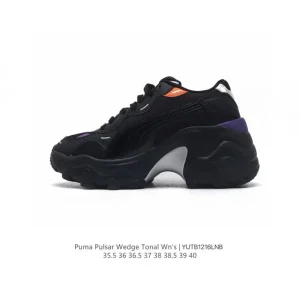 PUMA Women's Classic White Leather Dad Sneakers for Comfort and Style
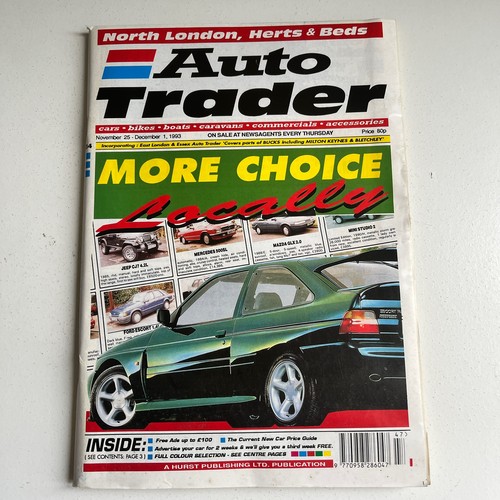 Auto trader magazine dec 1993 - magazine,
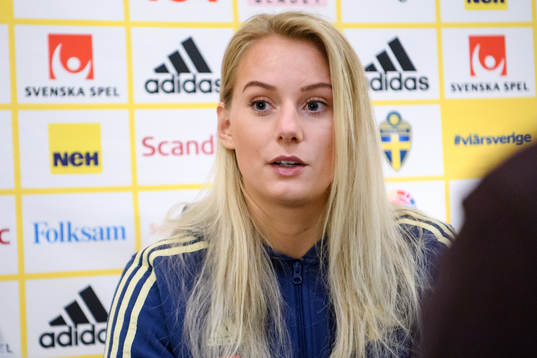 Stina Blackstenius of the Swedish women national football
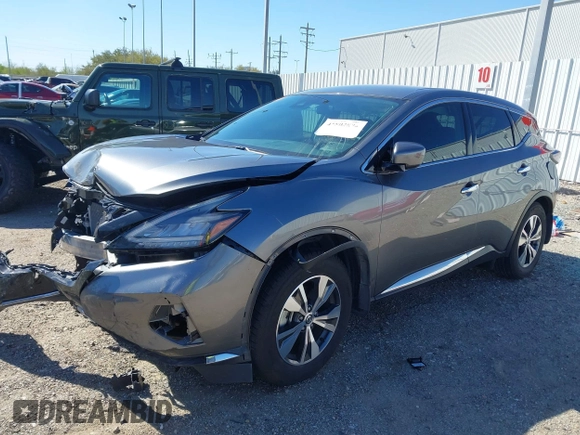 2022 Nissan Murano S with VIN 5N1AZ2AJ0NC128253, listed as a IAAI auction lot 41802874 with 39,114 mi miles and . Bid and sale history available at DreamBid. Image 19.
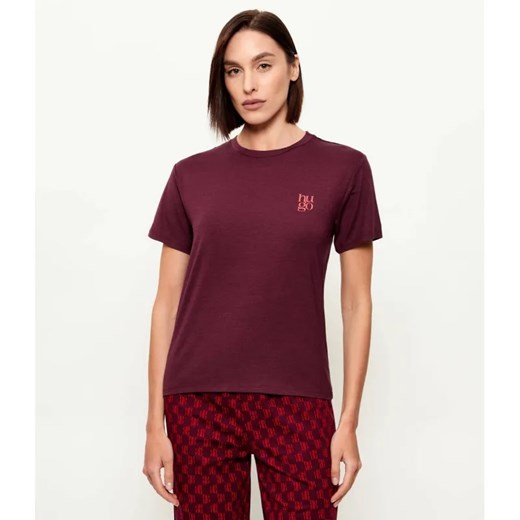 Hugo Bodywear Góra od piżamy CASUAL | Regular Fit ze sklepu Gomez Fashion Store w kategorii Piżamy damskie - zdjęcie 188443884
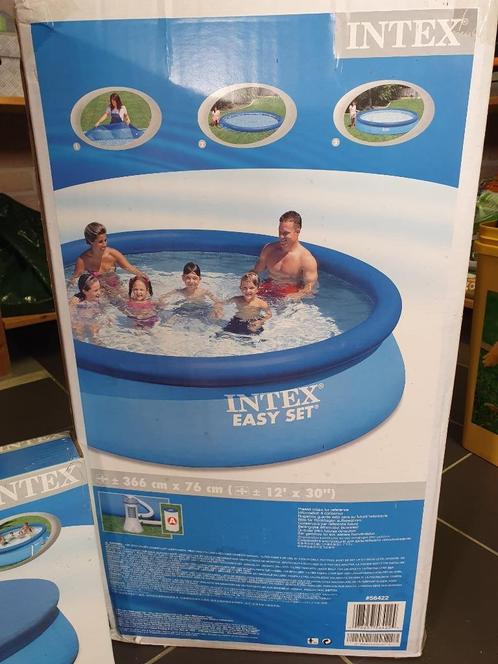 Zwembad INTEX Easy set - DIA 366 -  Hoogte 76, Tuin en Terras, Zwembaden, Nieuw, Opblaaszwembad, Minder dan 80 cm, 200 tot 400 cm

▶ Your objective
Although the records include pictures, the copy should reproduce every line exactly and none of the pictures.

▶ Solution to this exercise
 PUMA Women's Classic White Leather Dad Sneakers for Comfort and Style
 Auto trader magazine dec 1993 - magazine,
 Stina Blackstenius of the Swedish women national football
 2022 Nissan Murano S with VIN 5N1AZ2AJ0NC128253, listed as a IAAI auction lot 41802874 with 39,114 mi miles and . Bid and sale history available at DreamBid. Image 19.
 Hugo Bodywear Góra od piżamy CASUAL | Regular Fit ze sklepu Gomez Fashion Store w kategorii Piżamy damskie - zdjęcie 188443884
 Zwembad INTEX Easy set - DIA 366 -  Hoogte 76, Tuin en Terras, Zwembaden, Nieuw, Opblaaszwembad, Minder dan 80 cm, 200 tot 400 cm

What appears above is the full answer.